Alvarez's problem is the tight competition in the National League. I count up to nine starters who would likely see the nod for the All-Star Game before Alvarez gets it based on ERA and pitcher win total. Alvarez would easily be among the first to get the call in case of injury, but there may be just too many starters in front of him, all of whom have more impressive strikeout numbers and national spotlights.
Chances of Selection: 20 percent
3. Casey McGehee, 3B
McGehee's biggest advantage in the race for backup third baseman is his dominance in two of the three traditional categories. He leads qualified National League third basemen in batting average (ahead of Luis Valbuena, who is having a very good season in Chicago!) and RBI with 44 to his name. Typically, that would make him a slam dunk of a candidate, but there are reasons why McGehee is not considered the top third baseman in the NL. For one, the third Triple Crown category is severely lacking; McGehee has just one home run this season.
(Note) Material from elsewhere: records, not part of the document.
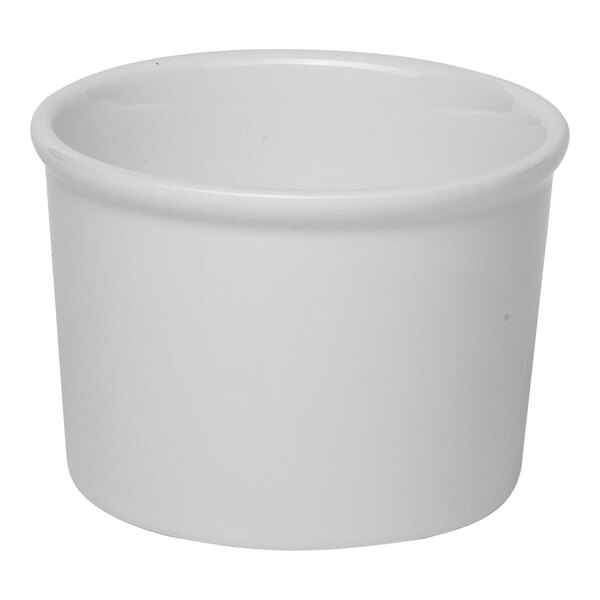 A small, round, ivory porcelain dessert bowl.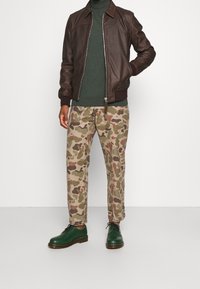 Man som bär en brun läderjacka, mörkgrön polotröja, kamouflagemönstrade byxor och gröna snörskor, står med ena handen i fickan.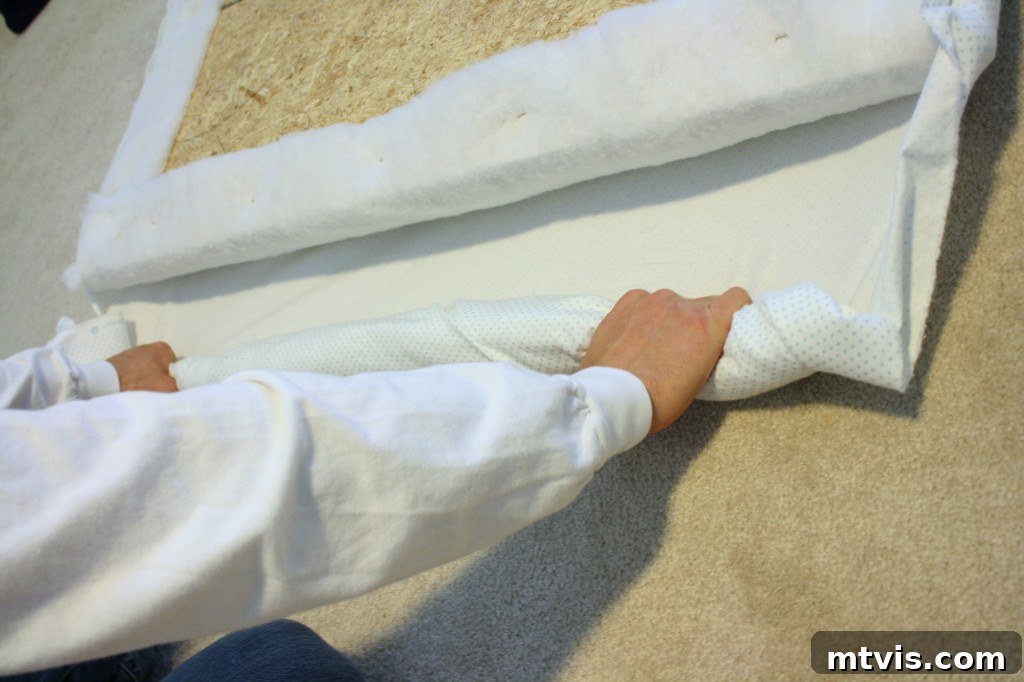 Build Your Upholstered Headboard in an Afternoon 10 Securing the chosen fabric to the headboard base with a staple gun, pulling it taut for a smooth finish.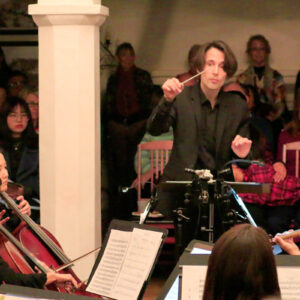 orchestra performing inside a hall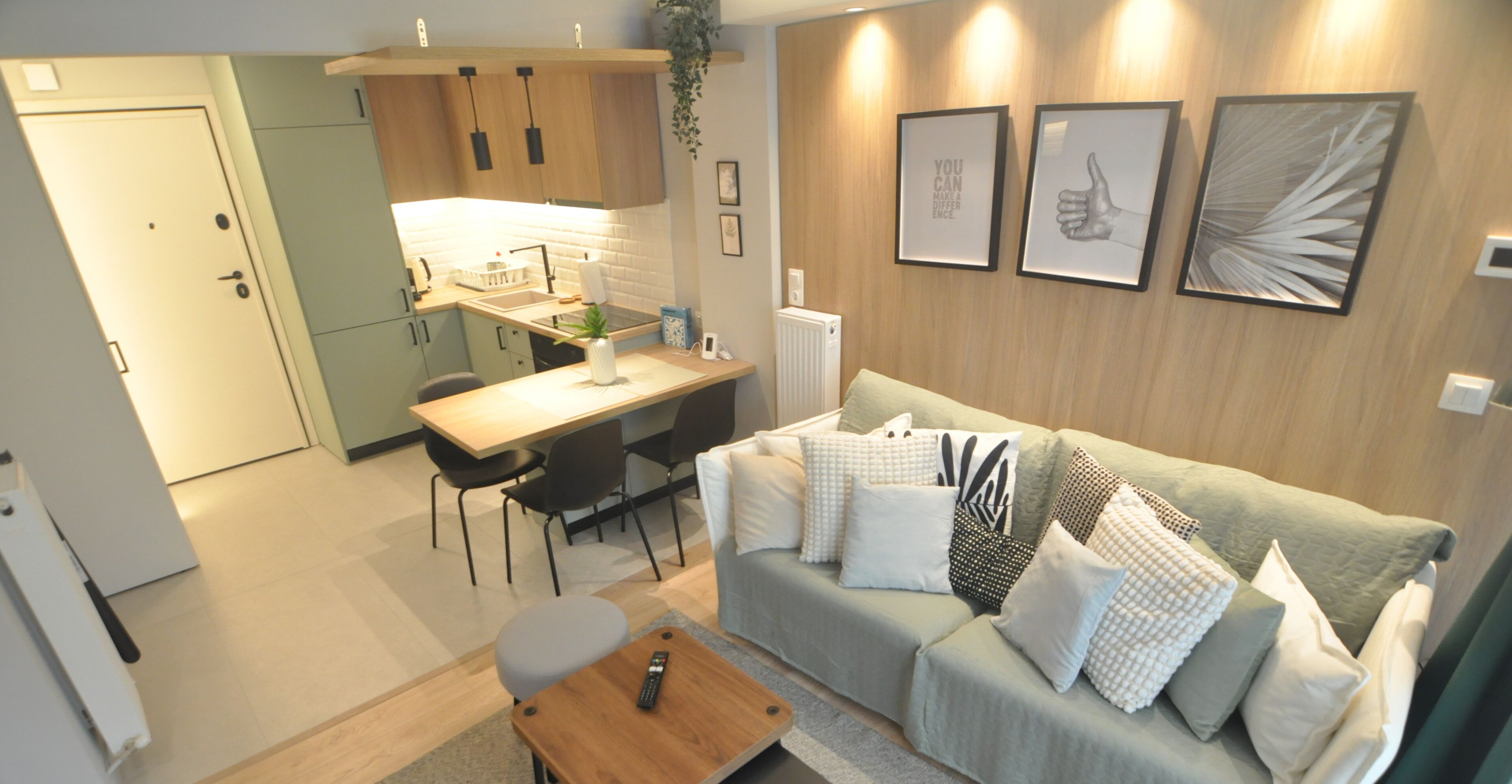 A compact living space with a kitchenette, a sofa with multiple cushions, a wooden coffee table, and a dining area with chairs.
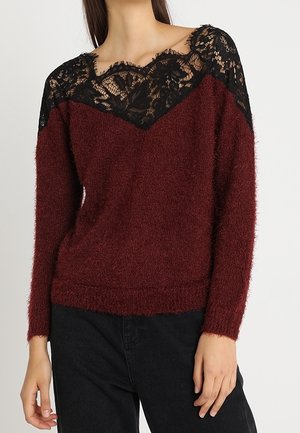 Femme portant un pull duveteux bordeaux avec un détail en dentelle noire sur la partie supérieure de la poitrine et les épaules, associé à un pantalon noir.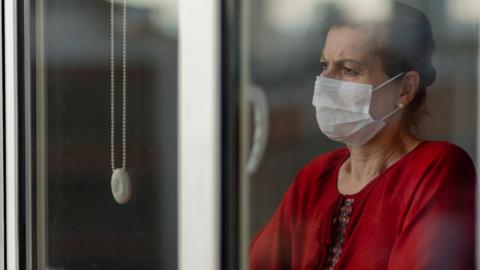 Concerned Asian woman wearing a face mask looking out of the window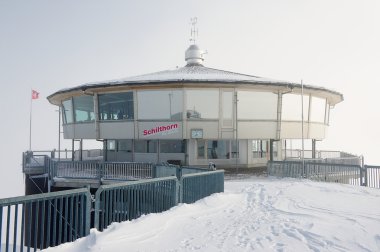 Exterior of the Piz Gloria revolving restaurant on a winter cloudy day circa Murren, Switzerland.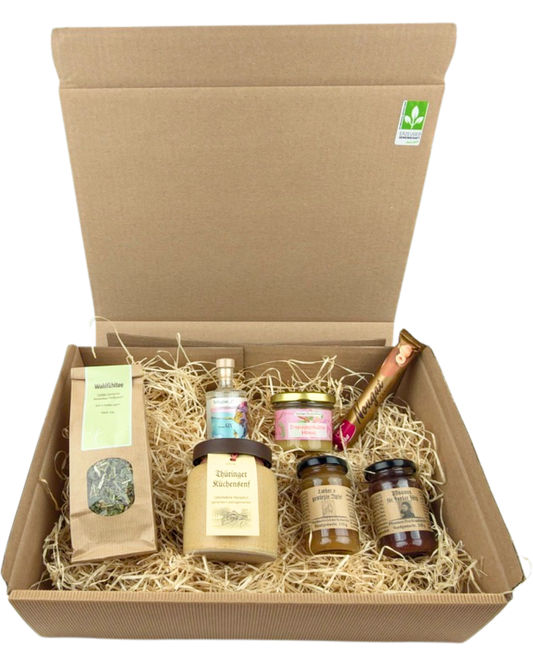 Geschenkpaket mit Wohlfühltee, Thüringer Küchensenf, Viba Nougatstange, Glockengin, Luthers gewürzte Äpfel, Pflaumen Junker Jörg, Streuobstblütenhonig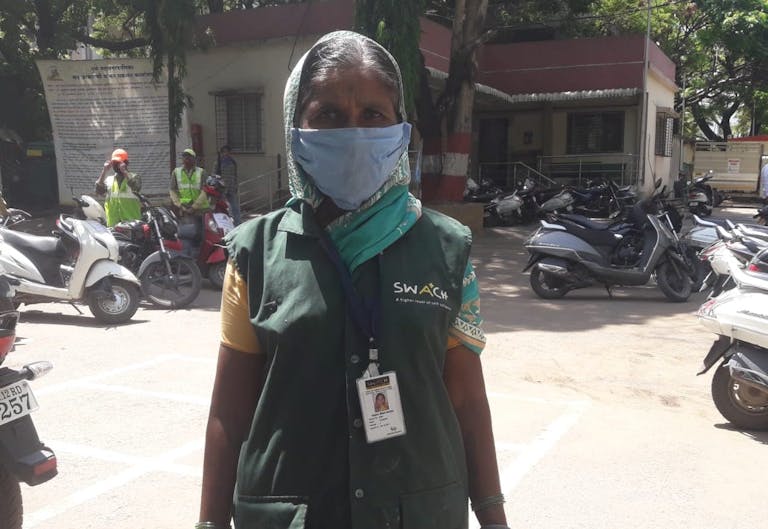 woman in a surgical mask prepares for work
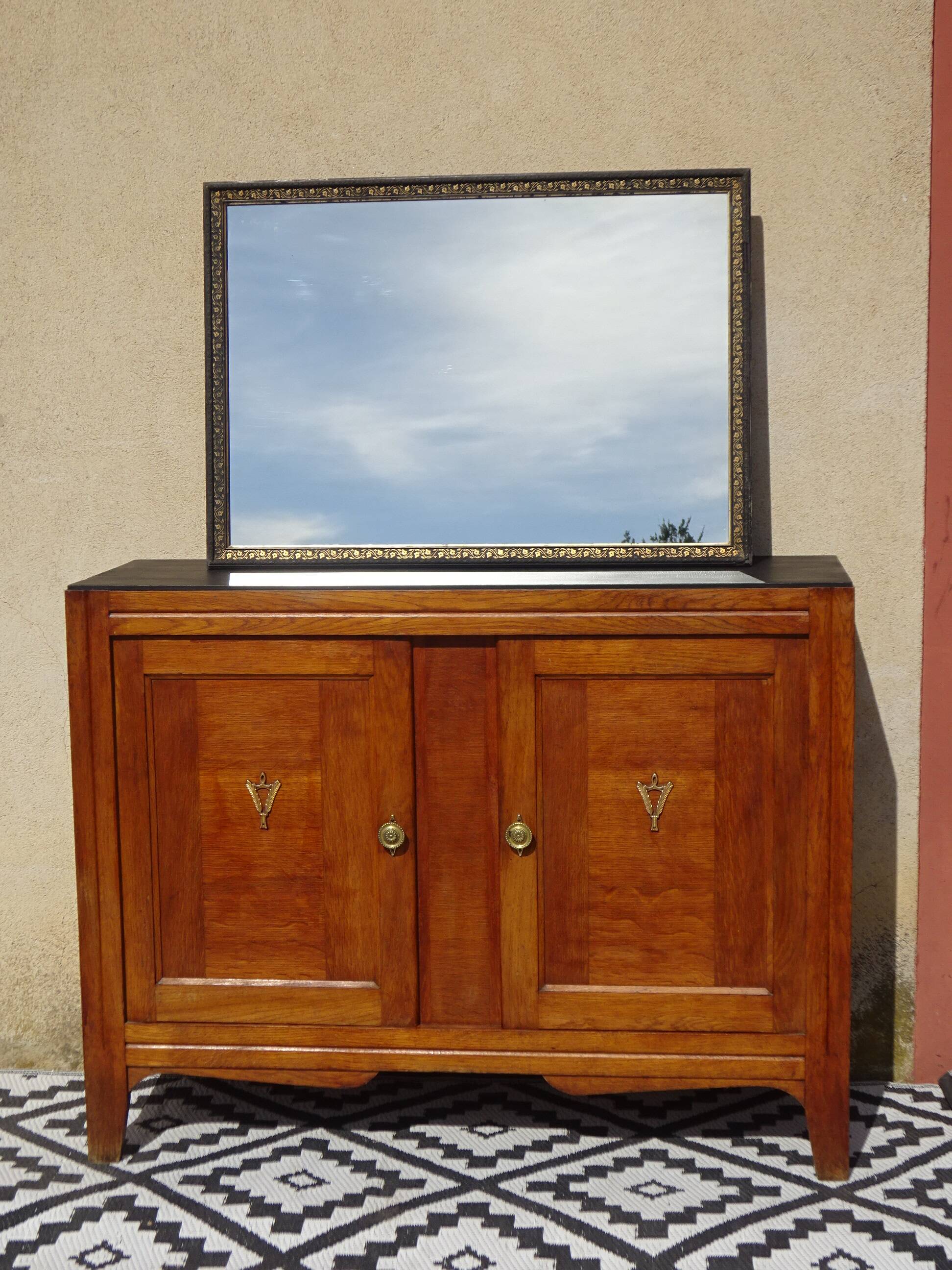 Mirror with black and gold frame, embossed vine leaves
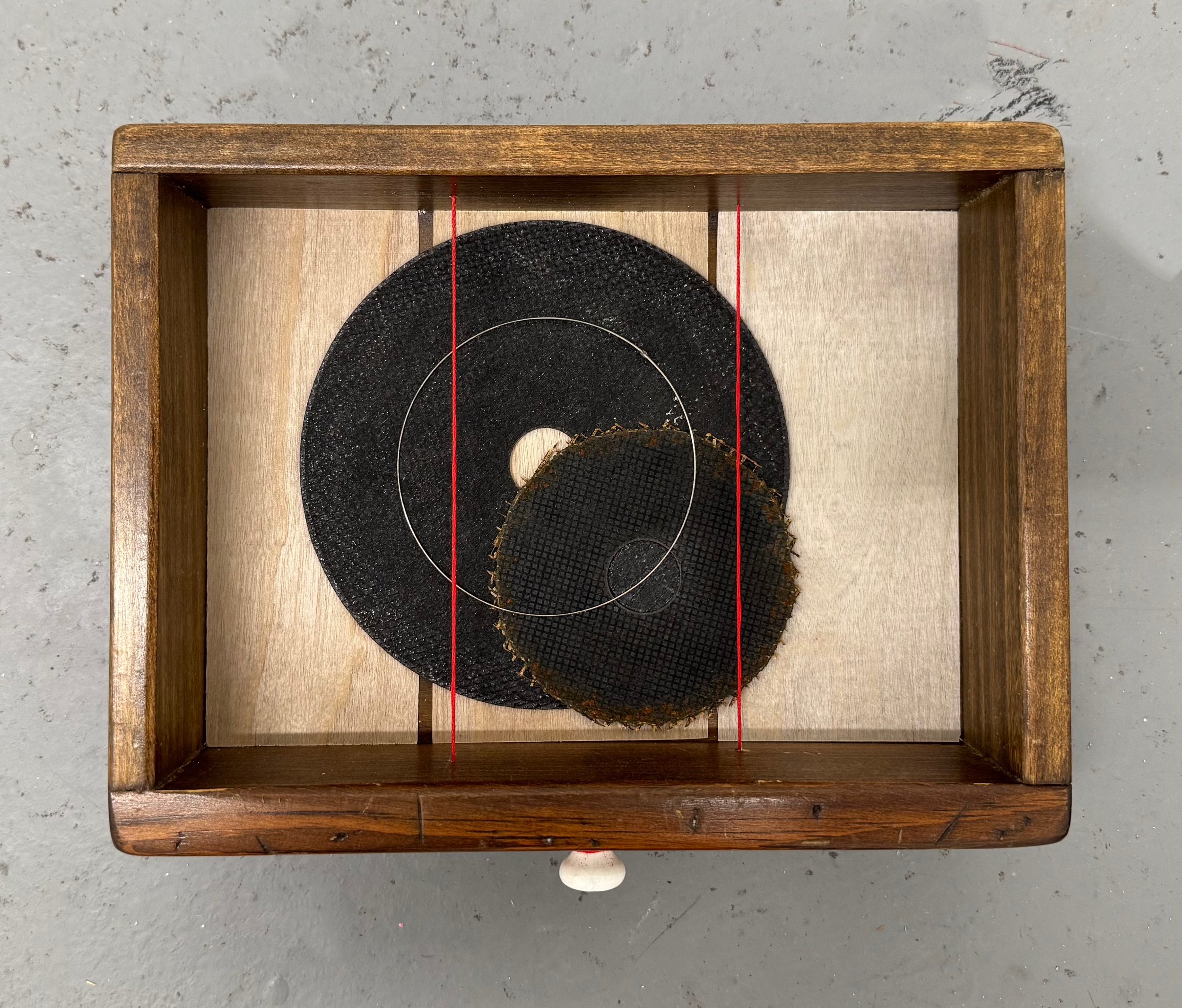 Untitled (drawer 2), 2025. Found objects, birch veneer, embroidery floss, 8.5 x 10.25 x 3 inches.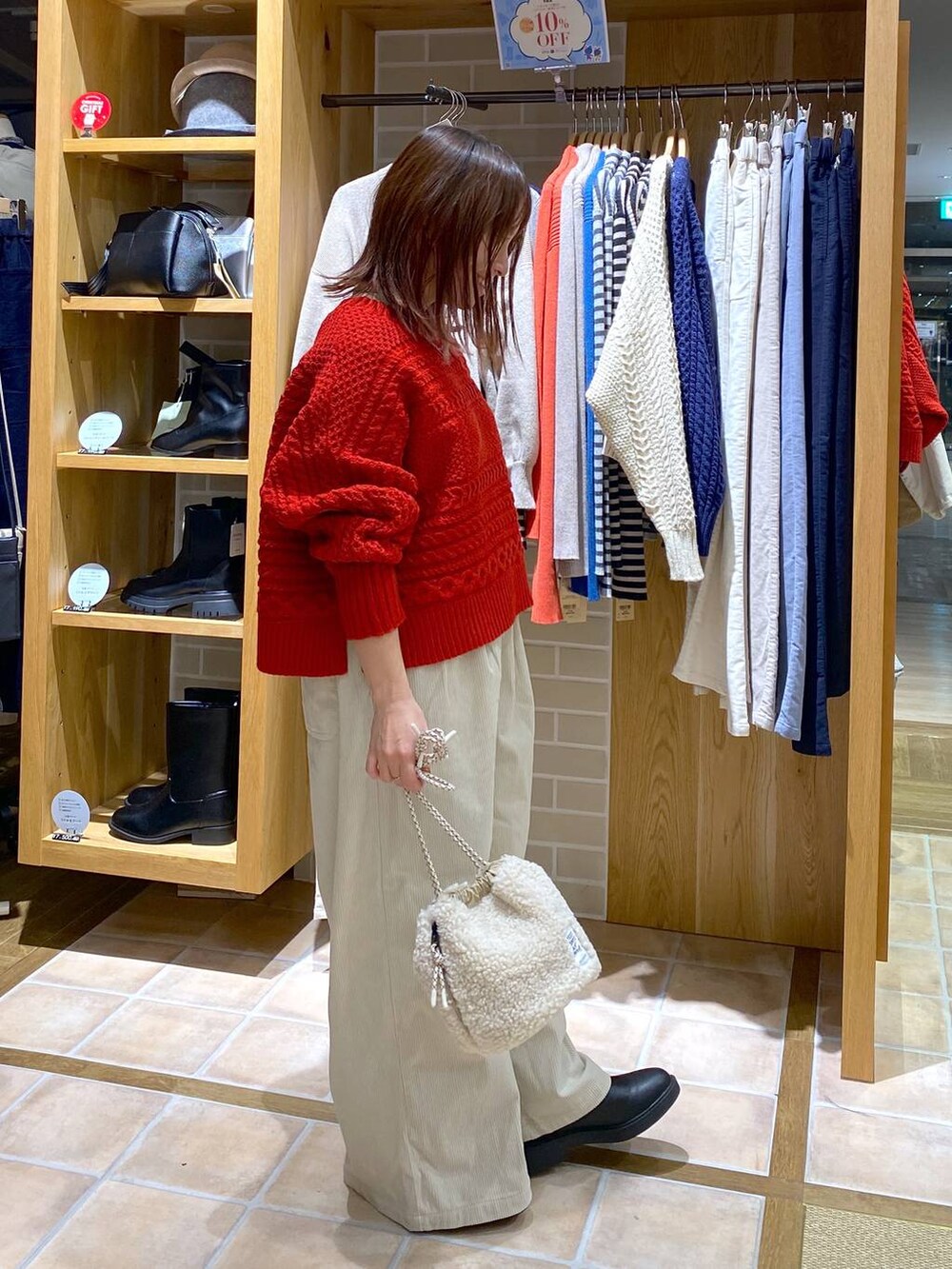 ブラック系のブーツ、ベージュ系のハンドバッグ、シルバー系のネックレスを着用したレディースの秋コーディネートの5枚目の写真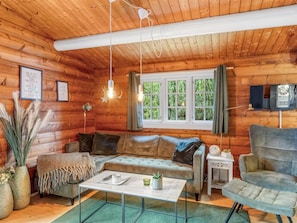 L'intérieur d'une cabane en rondins, avec un canapé, un fauteuil et une petite table.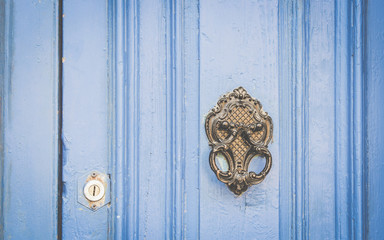 Old Metal Knocker on Blue Wooden door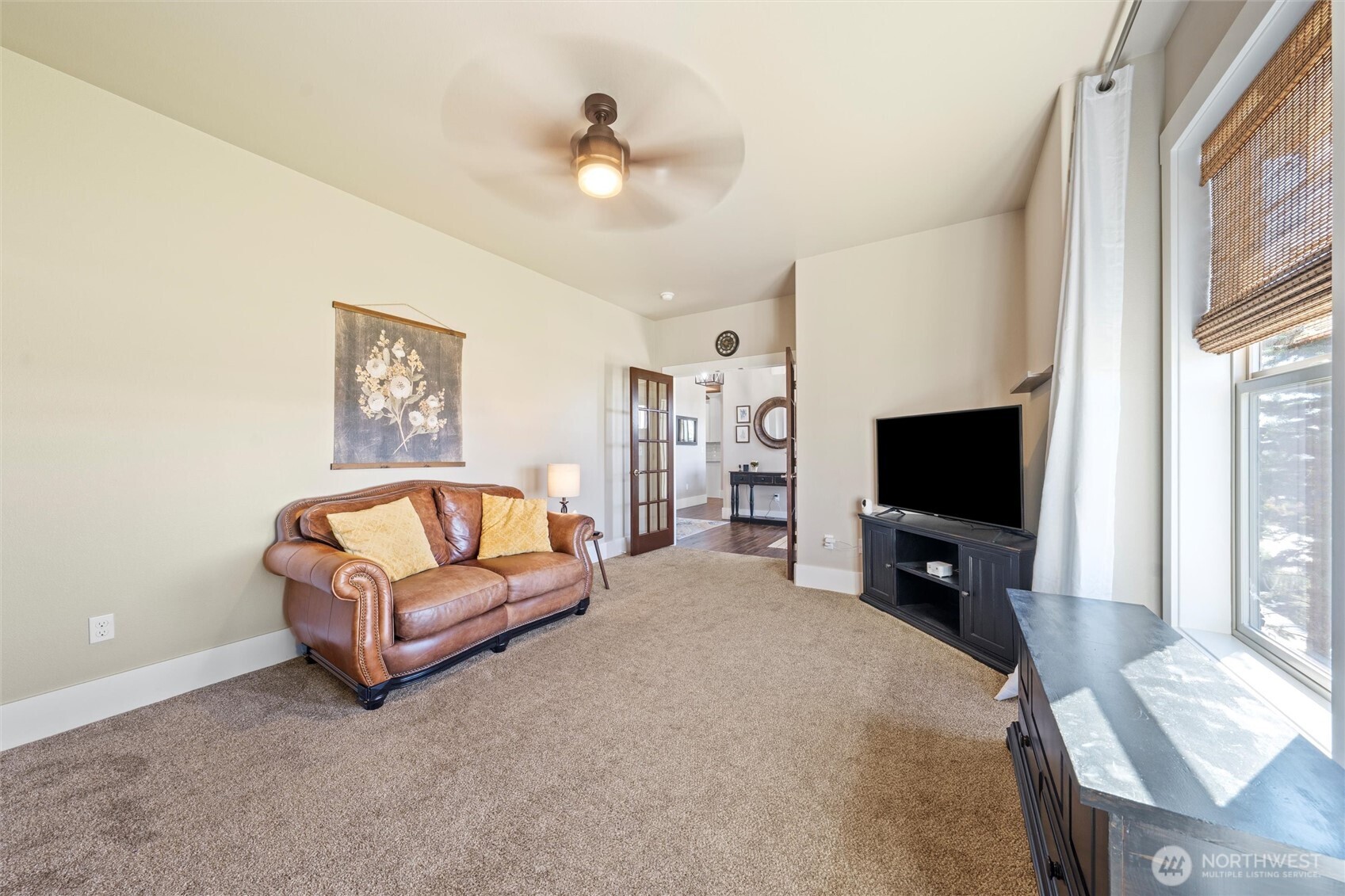 8125 Dune Lake Road Southeast Moses Lake, WA 98837 - Photo 24 of 40 a living room with furniture and a flat screen tv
His batting line is fourth-best in the NL among third basemen, but he sits behind six players in terms of WAR. It is safe to say his only real competition appears to be Todd Frazier of the Cincinnati Reds, Matt Carpenter of the St. Louis Cardinals, and Anthony Rendon of the Washington Nationals, but that is three names for just one backup spot behind the eventual vote-getter, who may be the less-deserving David Wright or Pablo Sandoval.
Chances of Selection: 5 percent
4. Nathan Eovaldi, SP
Eovaldi had a shot at gaining traction in the starting pitching group, but unlike Alvarez, his ERA is not flashy enough to garner a lot of interest. Eovaldi does have the benefit of a wicked fastball, but the managers and players who select the pitchers at the All-Star team may not care about that over the superficial numbers. Eovaldi also does not rack up enough strikeouts to pique a lot of interest, so his gameplan has been to avoid walks and throw the ball really hard.
His chances can definitely go up with a few strong outings, but his ERA needs to be lower to be considered. The impressive 3.16 FIP, almost identical to Alvarez's, will not be considered when looking at All-Star selection.
Chances of Selection: 1 percent
5. Marcell Ozuna, OF
The outfield in the National League is stacked, so the odds of anyone sneaking in to the fifth or sixth spot undeservedly seems very slim. Ozuna has the right power numbers for the job, as his 12 home runs are tied for fourth among National League outfielders, but his batting line is merely good and not great, and he will get minimal consideration for playing center field.
The top four outfielders are set with Stanton, Yasiel Puig, Andrew McCutchen, and Carlos Gomez. Two outfield spots remain, and names like Justin Upton, Charlie Blackmon, and Hunter Pence are going to get a lot of traction for an All-Star bid. Ozuna is a good deal away from that group.